Mind that if a part of the text can not be matched, a ``lexery.Error`` is raised:

.. code-block:: python

    >>> import lexery
    >>> import re
    >>> text = 'some-identifier ( 23 )'
    >>>
    >>> lexer = lexery.Lexer(
    ...     rules=[
    ...         lexery.Rule(identifier='identifier', pattern=re.compile(r'[a-zA-Z_][a-zA-Z_]*')),
    ...         lexery.Rule(identifier='number', pattern=re.compile(r'[1-9][0-9]*')),
    ...     ],
    ...     skip_whitespace=True)
    >>> tokens = lexer.lex(text=text)
    Traceback (most recent call last):
    ...
    lexery.Error: Unmatched text at line 0 and position 4:
    some-identifier ( 23 )
        ^

If you specify an ``unmatched_identifier``, all the unmatched characters are accumulated in tokens with that identifier:

.. code-block:: python

    >>> import lexery
    >>> import re
    >>> text = 'some-identifier ( 23 )-'
    >>>
    >>> lexer = lexery.Lexer(
    ...     rules=[
    ...         lexery.Rule(identifier='identifier', pattern=re.compile(r'[a-zA-Z_][a-zA-Z_]*')),
    ...         lexery.Rule(identifier='number', pattern=re.compile(r'[1-9][0-9]*')),
    ...     ],
    ...     skip_whitespace=True,
    ...     unmatched_identifier='unmatched')
    >>> tokens = lexer.lex(text=text)
    >>> assert tokens == [[
    ...     lexery.Token('identifier', 'some', 0, 0),
    ...    lexery.Token('unmatched', '-', 4, 0),
    ...    lexery.Token('identifier', 'identifier', 5, 0),
    ...    lexery.Token('unmatched', '(', 16, 0),
    ...    lexery.Token('number', '23', 18, 0),
    ...    lexery.Token('unmatched', ')-', 21, 0)]]


Installation
============

* Install lexery with pip:

.. code-block:: bash

    pip3 install lexery

Development
===========

* Check out the repository.

* In the repository root, create the virtual environment:

.. code-block:: bash

    python3 -m venv venv3

* Activate the virtual environment:

.. code-block:: bash

    source venv3/bin/activate

* Install the development dependencies:

.. code-block:: bash

    pip3 install -e .[dev]

Pre-commit Checks
-----------------
We provide a set of pre-commit checks that run unit tests, lint and check code for formatting.

Namely, we use:

* `yapf <https://github.com/google/yapf>`_ to check the formatting.
* The style of the docstrings is checked with `pydocstyle <https://github.com/PyCQA/pydocstyle>`_.
* Static type analysis is performed with `mypy <http://mypy-lang.org/>`_.
* Various linter checks are done with `pylint <https://www.pylint.org/>`_.

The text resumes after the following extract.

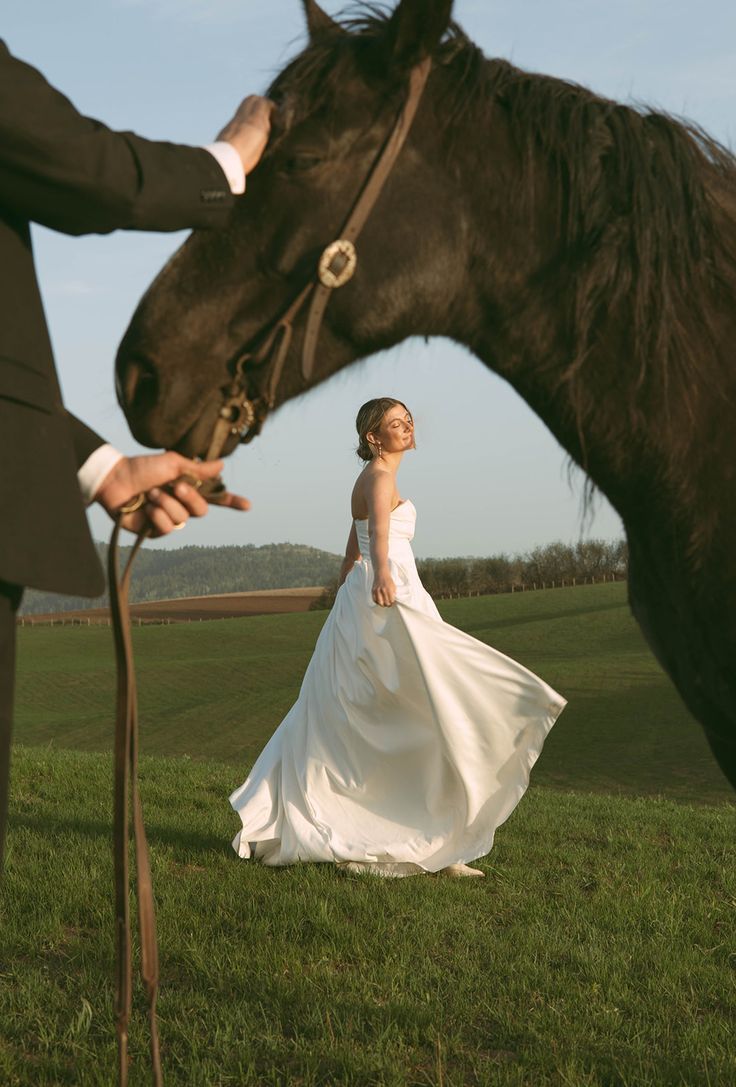 A white wedding dress flows in the breeze as a dark horse stands beside a person in a grassy field at sunset.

Run the pre-commit checks locally from an activated virtual environment with development dependencies:

.. code-block:: bash

    ./precommit.py

* The pre-commit script can also automatically format the code:

.. code-block:: bash

    ./precommit.py  --overwrite


Versioning
==========
We follow `Semantic Versioning <http://semver.org/spec/v1.0.0.html>`_. The version X.Y.Z indicates:

* X is the major version (backward-incompatible),
* Y is the minor version (backward-compatible), and
* Z is the patch version (backward-compatible bug fix).